- Government set tap wealth fund for first time next year
- Biggest wealth fund will still grow next year, PM says
Now that Norway has opened the spigots on its $850 billion wealth fund, the country’s prime minister says it will probably continue to make withdrawals as oil prices stay low.
Erna Solberg’s government revealed on Wednesday it will be the first to take money out of the fund to pay for tax cuts and additional spending.

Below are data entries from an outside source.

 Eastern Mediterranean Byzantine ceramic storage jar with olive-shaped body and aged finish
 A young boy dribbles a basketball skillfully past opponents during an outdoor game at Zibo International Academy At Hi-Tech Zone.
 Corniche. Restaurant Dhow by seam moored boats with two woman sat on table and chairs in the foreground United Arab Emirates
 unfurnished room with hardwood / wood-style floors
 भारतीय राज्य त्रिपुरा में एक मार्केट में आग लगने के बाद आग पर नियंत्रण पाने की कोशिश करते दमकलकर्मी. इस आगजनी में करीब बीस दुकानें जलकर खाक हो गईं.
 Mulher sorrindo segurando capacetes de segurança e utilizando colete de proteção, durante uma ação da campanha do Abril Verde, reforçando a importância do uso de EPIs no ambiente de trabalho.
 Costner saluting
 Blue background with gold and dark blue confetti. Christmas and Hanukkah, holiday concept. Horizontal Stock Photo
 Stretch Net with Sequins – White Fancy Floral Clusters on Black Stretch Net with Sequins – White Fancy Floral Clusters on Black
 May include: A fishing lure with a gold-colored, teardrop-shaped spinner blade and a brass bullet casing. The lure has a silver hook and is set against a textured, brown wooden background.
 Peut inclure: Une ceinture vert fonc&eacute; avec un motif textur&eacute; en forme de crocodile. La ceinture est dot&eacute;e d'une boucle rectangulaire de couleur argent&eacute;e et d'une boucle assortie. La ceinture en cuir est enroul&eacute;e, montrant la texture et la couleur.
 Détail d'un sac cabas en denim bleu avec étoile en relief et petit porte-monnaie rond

The 2016 budget proposal is the most expansionary yet as Solberg fights to avoid a recession in western Europe’s biggest crude producer.

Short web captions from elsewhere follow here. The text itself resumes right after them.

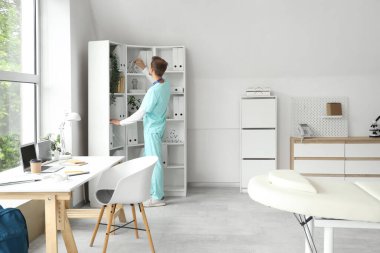 Erkek stajyer klinikteki raftan moleküler modeli alıyor.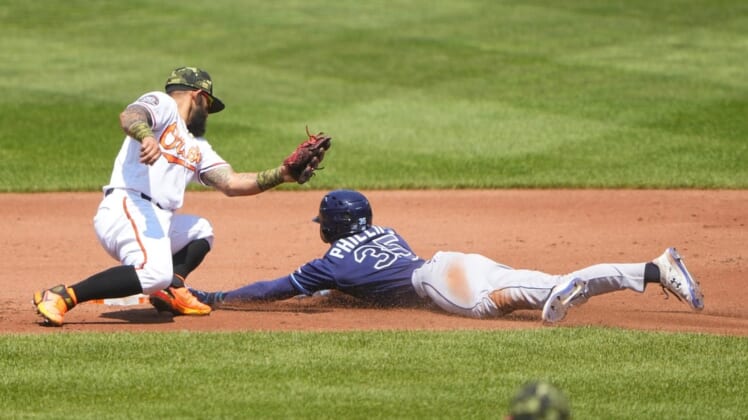 May 22, 2022; Baltimore, Maryland, USA; Tampa Bay Rays right fielder Brett Phillips (35) steals second base ahead of the tag by Baltimore Orioles second baseman Rougned Odor (12) during the first inning  at Oriole Park at Camden Yards. Mandatory Credit: Gregory Fisher-USA TODAY Sports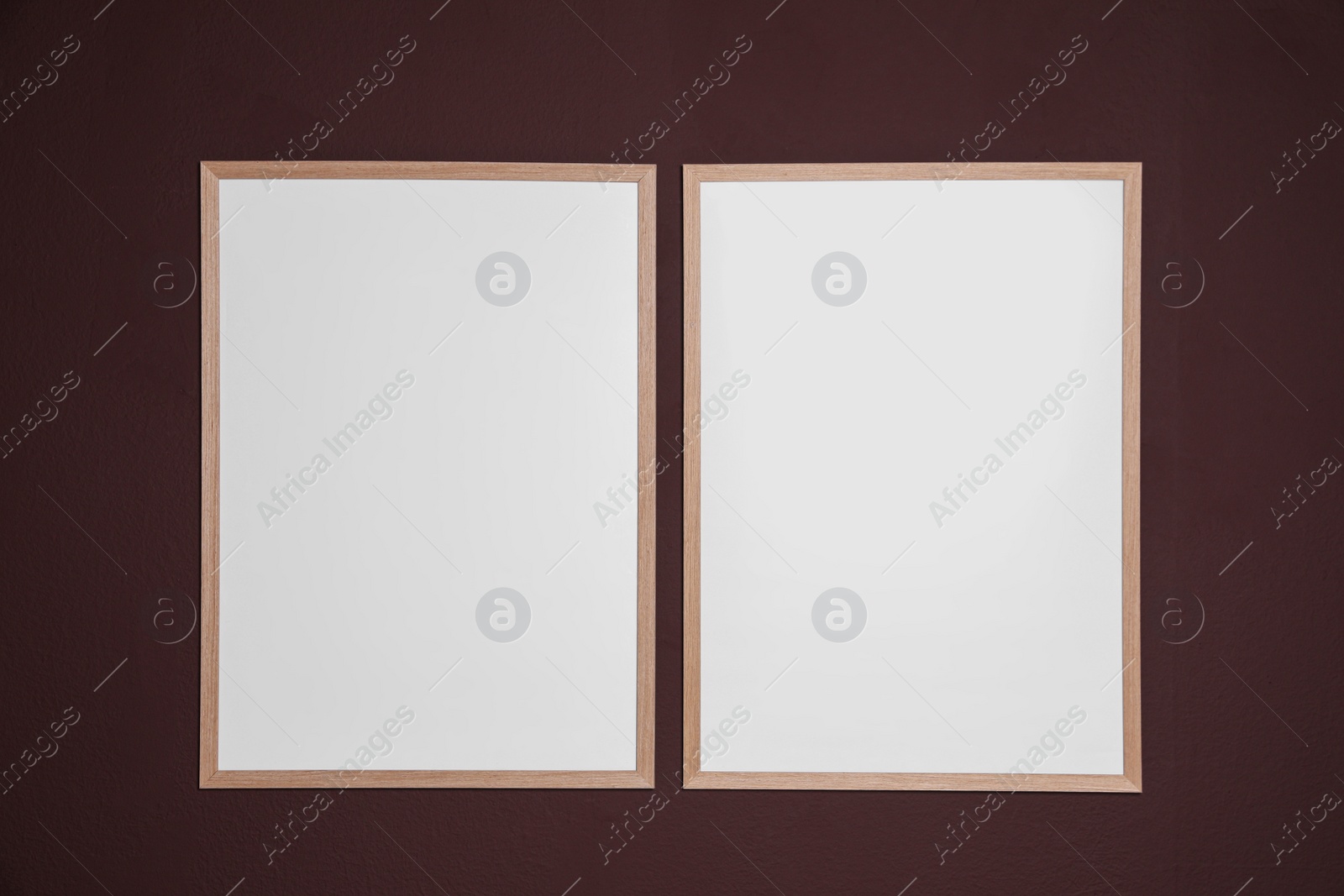 Photo of Empty frames on brown wall. Mockup for design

“The whole system of putting in more oil money in the budget means that on a level when oil activity and oil prices give less revenue, there will of course be a crossing point,” Solberg told Bloomberg on Thursday.
The minority coalition plans to spend 208 billion kroner ($25.2 billion) of its oil wealth next year, topping the 204 billion kroner it predicts it will receive from offshore oil and gas fields. That implies a withdrawal from the fund of 3.7 billion kroner, compared with the 38 billion kroner the government is transferring into the fund this year. The forecasts assume Brent crude at about $49 at the end of this year and $56 by the end of next year.
“Even if the activity in the oil sector means that we are putting less revenue in, the fund is still going to increase next year,” Solberg said. The government sees the fund growing by 423 billion kroner in 2016.
Spending remains below the limit that Norwegian governments have agreed not to overstep, which is set at 4 percent of the fund’s expected returns. So-called structural oil money spending will amount to 7.1 percent of mainland gross domestic product and 2.8 percent of the fund. The government also said it is considering letting the fund take on riskier investments by boosting its stock allocation from 60 percent.
The government still needs backing from the smaller Christian Democrats and Liberals to pass the budget in parliament. Solberg said she is prepared for “tough negotiations” through November.